Lark Rise to Candleford
Watch Sundays at 7pm
Julia Sawalha, Olivia Hallinan, Dawn French, Brendan Coyle, Olivia Grant, Mark Heap, Ben Miles and Liz Smith star in a ten-part adaptation of Flora Thompson's magical memoir of her Oxfordshire childhood for BBC One, Lark Rise To Candleford, a love letter to a vanished corner of rural England and a heart-warming drama series teeming with wit, wisdom and romance.
Set in the small hamlet of Lark Rise and the wealthier neighbouring market town, Candleford, at the end of the 19th Century, the series chronicles the daily lives of farm workers, craftsmen and gentry, observing characters in loving, boisterous and competing communities of families, rivals, friends and neighbours.
This world is seen through the eyes of a teenage girl, Laura Timmins (Olivia Hallinan – Sugar Rush, Torchwood), as she leaves Lark Rise to start a new life under the wing of her cousin, the independent and effervescent Dorcas Lane (Julia Sawalha – Hornblower, Pride And Prejudice), who is Post Mistress at the local Post Office in Candleford.
Through them, viewers experience the force of friendship as they see each other through the best and worst of times. Lark Rise To Candleford is warm, funny, poignant, occasionally tragic but overall a celebration of the spirit of community.

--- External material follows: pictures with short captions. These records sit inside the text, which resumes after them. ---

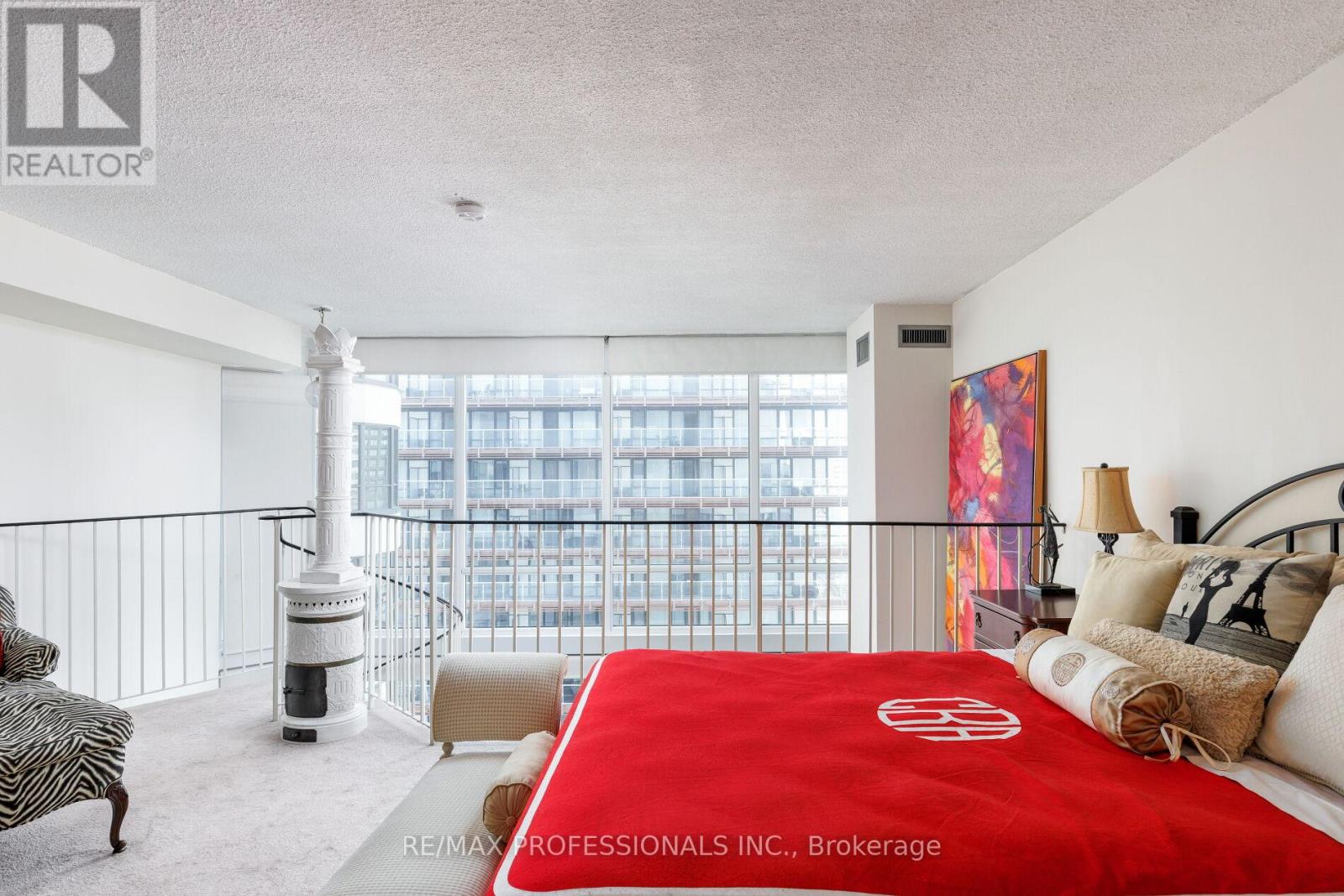 1506 - 25 Maitland Street, Toronto, Ontario  M4Y 2W1 - Photo 4 - C13148910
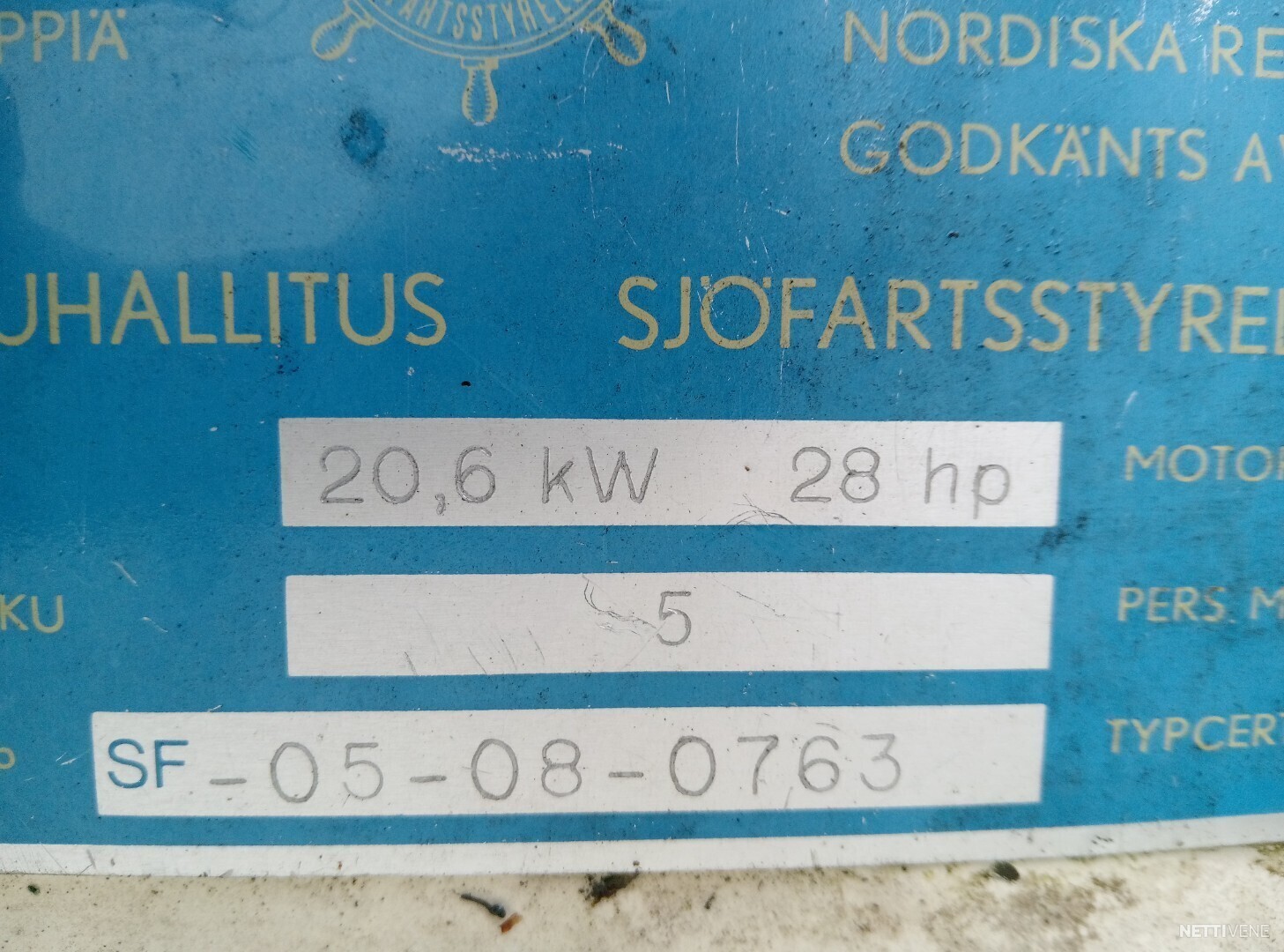 5 / 8
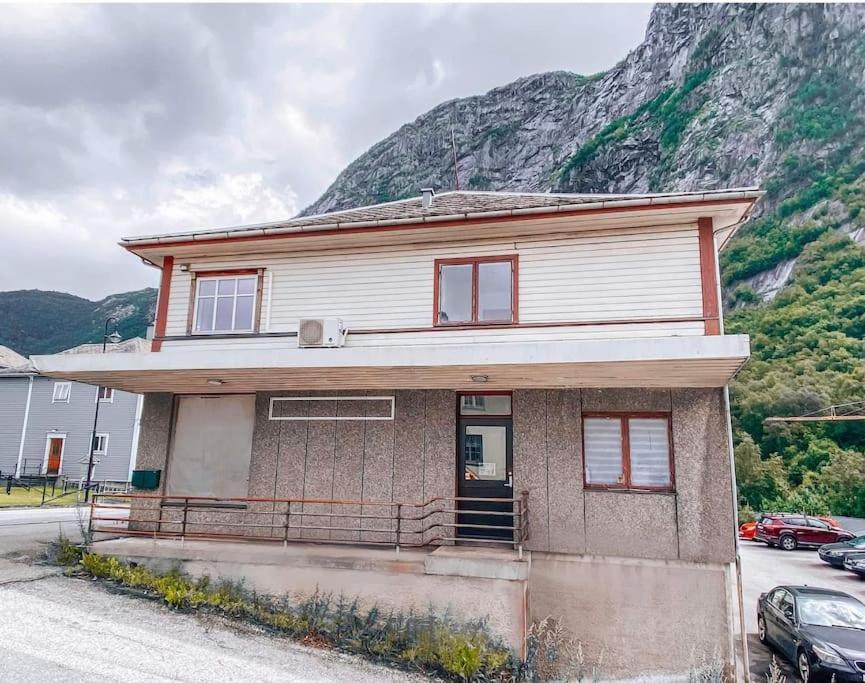 Apartamento Trolltunga Sleep Tyssedal Exterior foto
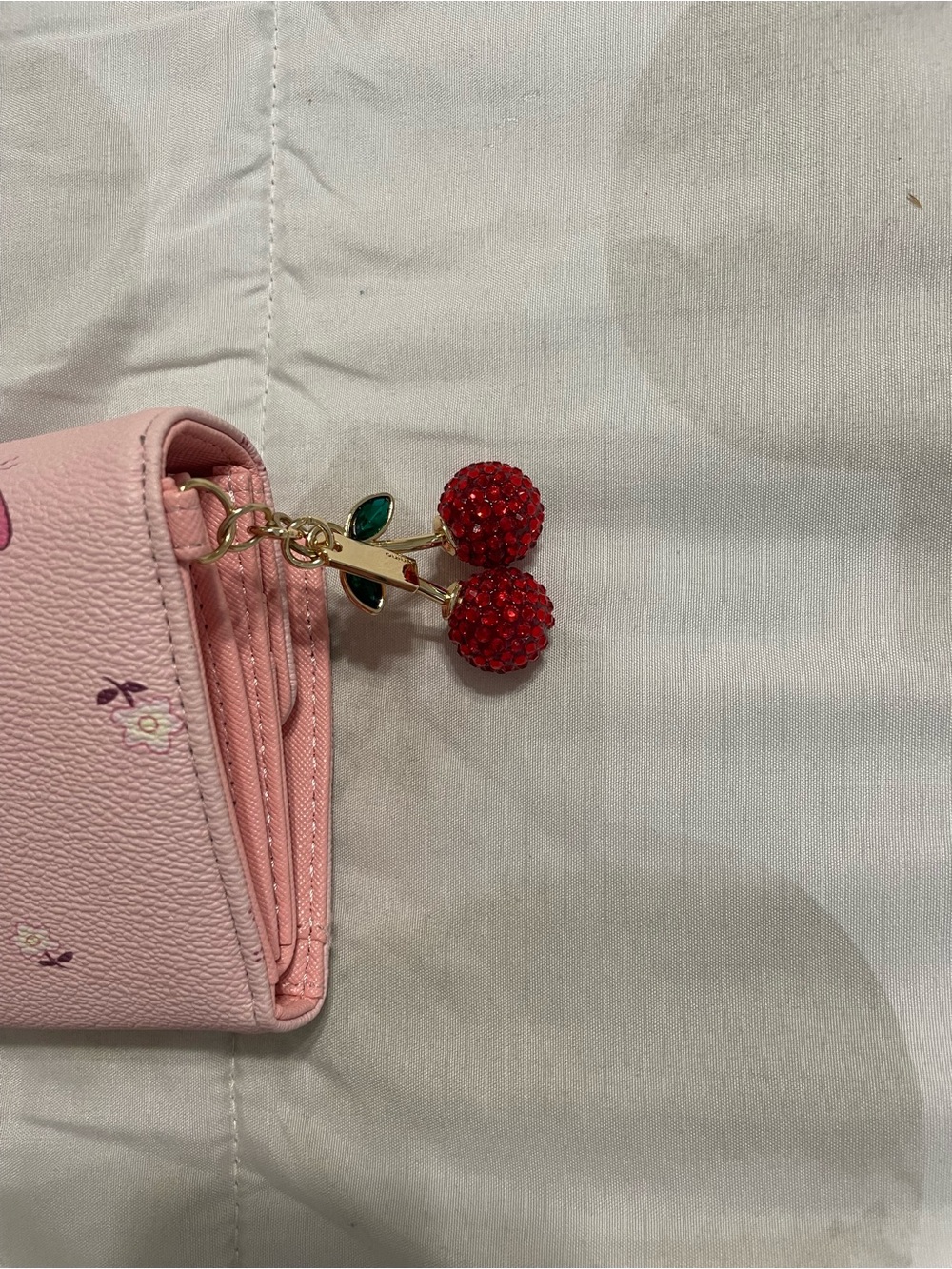 Coach Pink Butterfly medium size
Wallet with Gold Logo - Picture 7 of 8
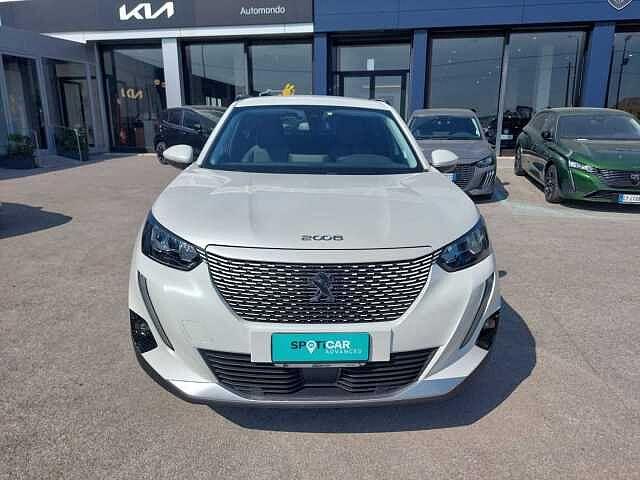 Peugeot 2008 motore elettrico 136 CV Allure Pack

Jane Tranter, Controller of BBC Fiction, says: "Bill Gallagher has created a strong, funny and heart-warming drama series from Flora Thompson's novel.
"His drama naturally displays the enduring beauty of the English countryside but, more than that, it displays the enduring power of human landscape: the comedy, the whimsy, the moments of pain and heartbreak, and the collective and courageous force of family, friends and neighbours that see our characters through the best and worst of times.
"The talent and strength of the assembled cast and production team pay tribute to the excellence of Bill's vision and scripts."
Kate Harwood, Head of Series and Serials, adds: "Lark Rise To Candleford, Flora Thompson's touching and personal memoir of her North Oxfordshire youth, was originally developed by BBC Drama Production as a conventional drama serial. Eventually, the idea came to find a different take on the book and to develop it as a longer running pre-watershed, returnable drama series.
"Happily the material responded wonderfully to this; as writer Bill Gallagher says, the books are crammed so full of stories that you can just shake the pages and another one falls out. But Flora Thompson's stories are very particular; they are anecdotal and personal and therefore need a dramatist's imagination and narrative skills to take them from a beautifully evoked idea and to turn them into a fully fledged, hour-long drama.
"For example, the opening story of the series, which tells of a dispute between the two communities that has to be resolved using some delicate and clever thinking, is one that is contained in no more than a few sentences in the book. Bill has taken that idea and turned it into a richly and touching narrative through which we launch Laura on her journey to Candleford and into her adult life."